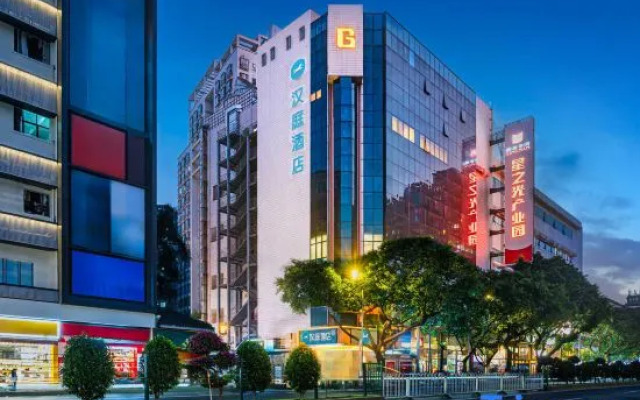 HanTing Hotel (Guangzhou Caihongqiao Subway Station)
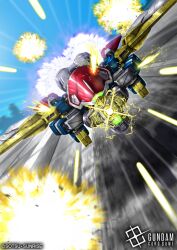 wing gundam from gundam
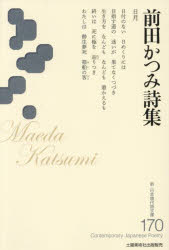 土曜美術社出版販売 新・日本現代詩文庫　170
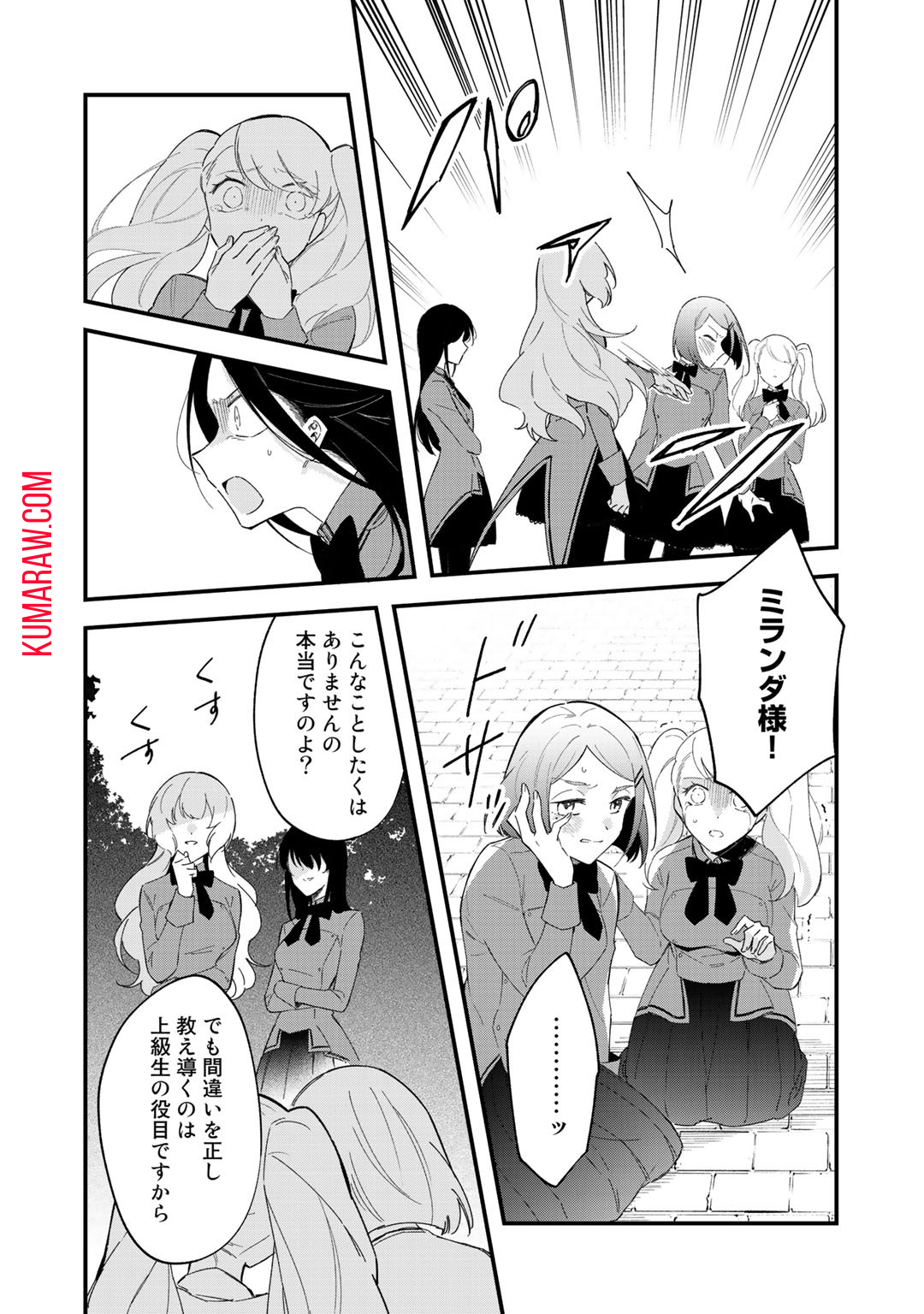 悪役令嬢はオジサマに夢中です 第2話 - Page 26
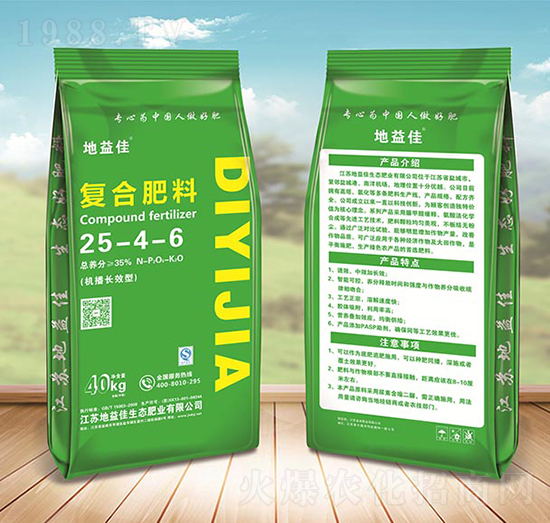 �C���LЧ�͏ͺϷ���25-4-6-�����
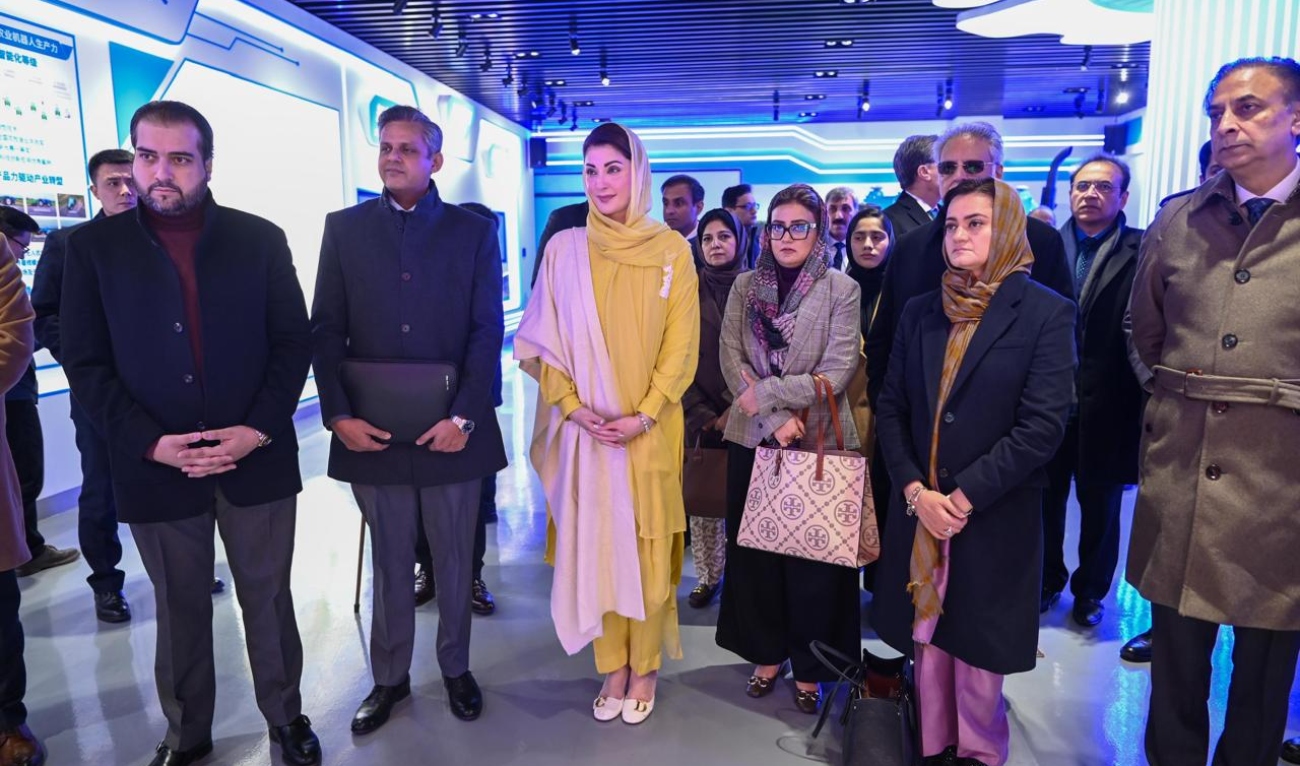 Punjab Chief Minister Maryam Nawaz Sharif (third from left) visits Al Force Tech in Beijing, China, on December 9, 2024. (PML-N/X)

====

WHAT THIS TASK INVOLVES:
Now write out the data word for word, skipping every picture in it.

COMPLETED TASK:
 HanTing Hotel (Guangzhou Caihongqiao Subway Station)
 wing gundam from gundam
 土曜美術社出版販売 新・日本現代詩文庫　170
 悪役令嬢はオジサマに夢中です 第2話 - Page 26
 �C���LЧ�͏ͺϷ���25-4-6-�����
 Punjab Chief Minister Maryam Nawaz Sharif (third from left) visits Al Force Tech in Beijing, China, on December 9, 2024. (PML-N/X)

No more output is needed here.